Predicting smoking status from short voice recordings under small-sample constraints: A calibrated leave-one-speaker-out study

Aydoğan, Yiğit; Duygun, Oğuzhan; CANTÜRK, İsmail

doi:10.1016/j.bspc.2026.109915

Predicting smoking status from short voice recordings under small-sample constraints: A calibrated leave-one-speaker-out study

Aydoğan Y., Duygun O., CANTÜRK İ.

Biomedical Signal Processing and Control, cilt.119, 2026 (SCI-Expanded, Scopus)

Yayın Türü: Makale / Tam Makale
Cilt numarası: 119
Basım Tarihi: 2026
Doi Numarası: 10.1016/j.bspc.2026.109915
Dergi Adı: Biomedical Signal Processing and Control
Derginin Tarandığı İndeksler: Science Citation Index Expanded (SCI-EXPANDED), Scopus, Compendex, EMBASE
Anahtar Kelimeler: Calibration, Decision-curve analysis, LOSO evaluation, Small-sample learning, Smoking detection, Voice biomarkers
Yıldız Teknik Üniversitesi Adresli: Evet

Özet

The feasibility of inferring smoking status from short voice recordings was examined under small-sample, speaker-independent constraints, emphasizing calibrated probabilities and decision utility for screening. Sustained/a/ phonations recorded on smartphones (44.1 kHz, mono) were analyzed from 64 unique speakers (30 smokers, 34 non-smokers; prevalence 0.469; one recording per speaker).

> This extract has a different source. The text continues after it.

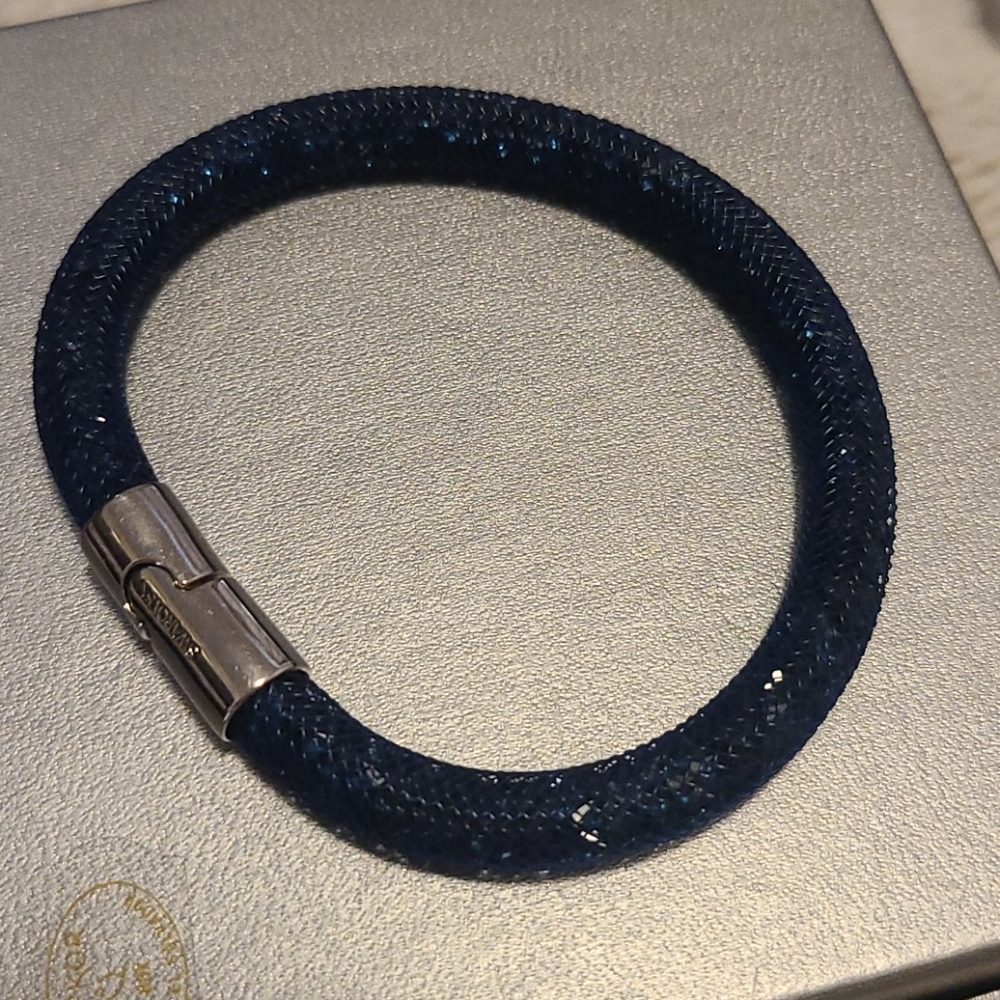 Swarovski Bracelet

Two representation families were compared: (i) a physiology-informed handcrafted prosody–spectral set (208 variables) summarizing perturbation, harmonicity/noise structure, spectral-energy distribution, and formants; and (ii) pretrained embeddings (YAMNet, wav2vec 2.0, WavLM) pooled to utterance vectors and classified with partial least squares plus logistic regression. Models were evaluated with strict leave-one-speaker-out validation, nested hyperparameter selection, fold-safe preprocessing, and within-fold Platt scaling. The handcrafted elastic-net logistic model (PS_ENet) achieved the strongest discrimination (AUC = 0.885), with accuracy 0.844, F1 0.828, average precision 0.894, and Brier score 0.193. Embedding baselines underperformed (AUC: YAM_PLS 0.475; W2V2_PLS 0.561; WAVLM_PLS 0.525). A probability-averaging ensemble favored sensitivity (recall 0.833) with AUC 0.797. Demographics alone were partially predictive (age+gender LOSO AUC = 0.708), but PS_ENet retained incremental discrimination under restricted permutation within age × gender strata and demographic matching. Speaker-level bootstrapping yielded PS_ENet AUC 0.886 (95% CI 0.790–0.962), and full-pipeline permutation testing supported discrimination beyond chance (p≈0.005). Decision-curve analysis showed positive net benefit for thresholds 0.05–0.30 (exceeding treat-all for thresholds ≥0.15). Prospective planning suggested N≈44 speakers for 80% power to detect AUC = 0.70 under the observed prevalence.